PROBLEM DETAILS:
Pictures excluded, output exactly the lines from the one containing "Tricot Skirt Set, Mauve" through the last line of the listing below.

INFORMATION SHOWN:
☆ ☆ ☆
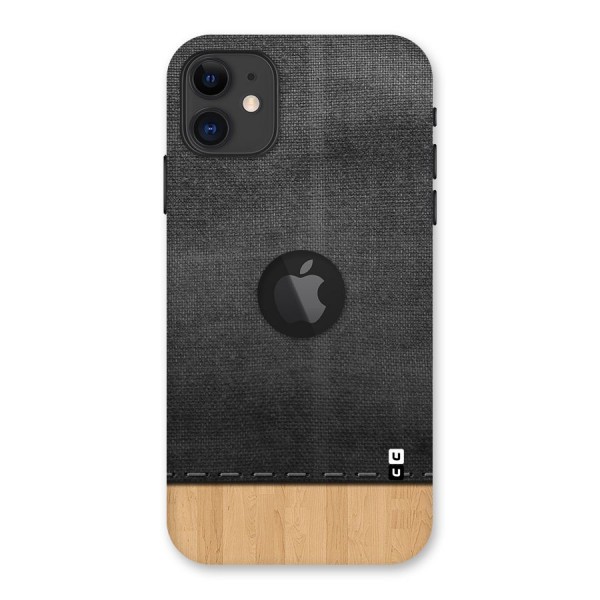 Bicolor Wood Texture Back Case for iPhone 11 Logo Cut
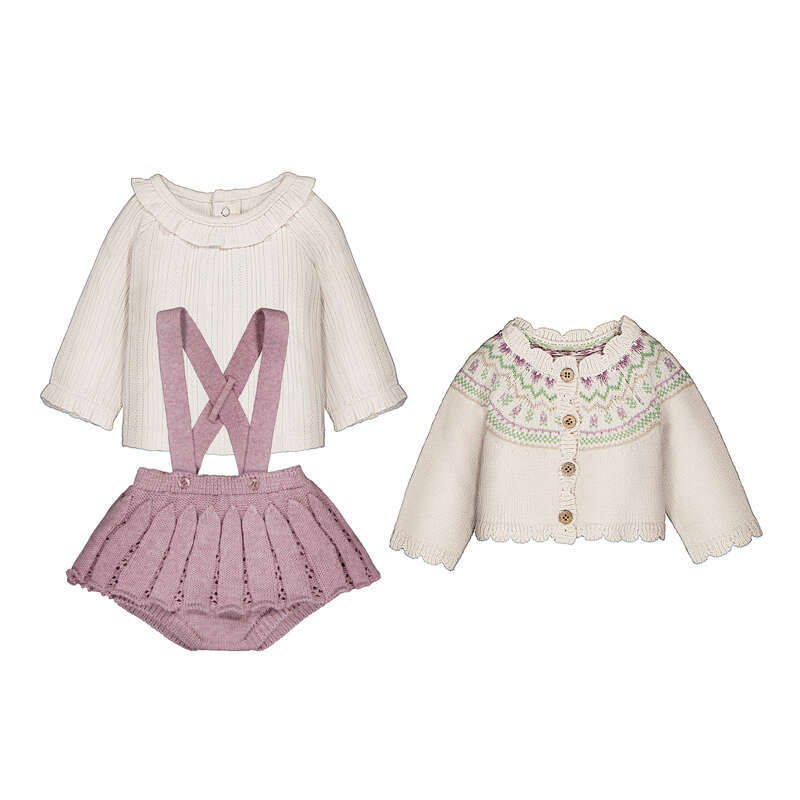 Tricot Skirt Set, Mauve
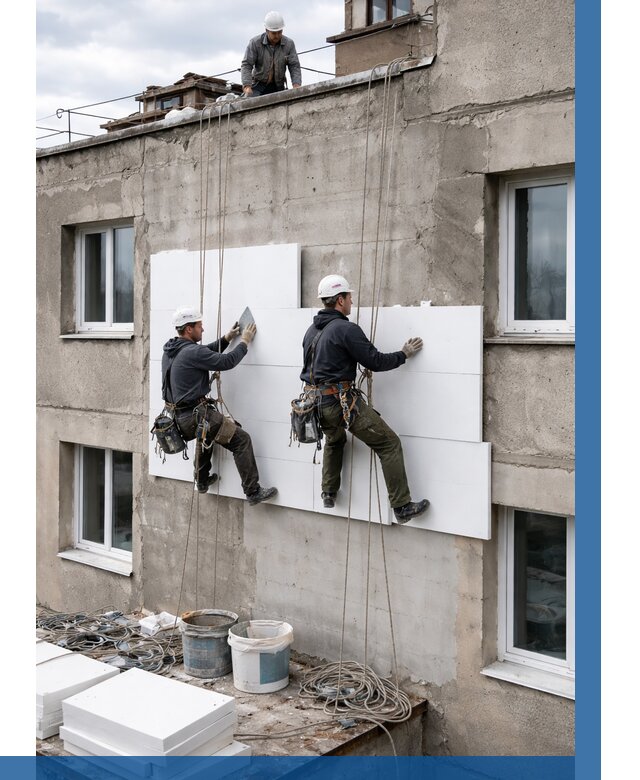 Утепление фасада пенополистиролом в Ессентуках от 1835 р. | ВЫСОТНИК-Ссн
☆ ☆ ☆
EXERCISE OUTPUT:
 Tricot Skirt Set, Mauve
 Утепление фасада пенополистиролом в Ессентуках от 1835 р. | ВЫСОТНИК-Ссн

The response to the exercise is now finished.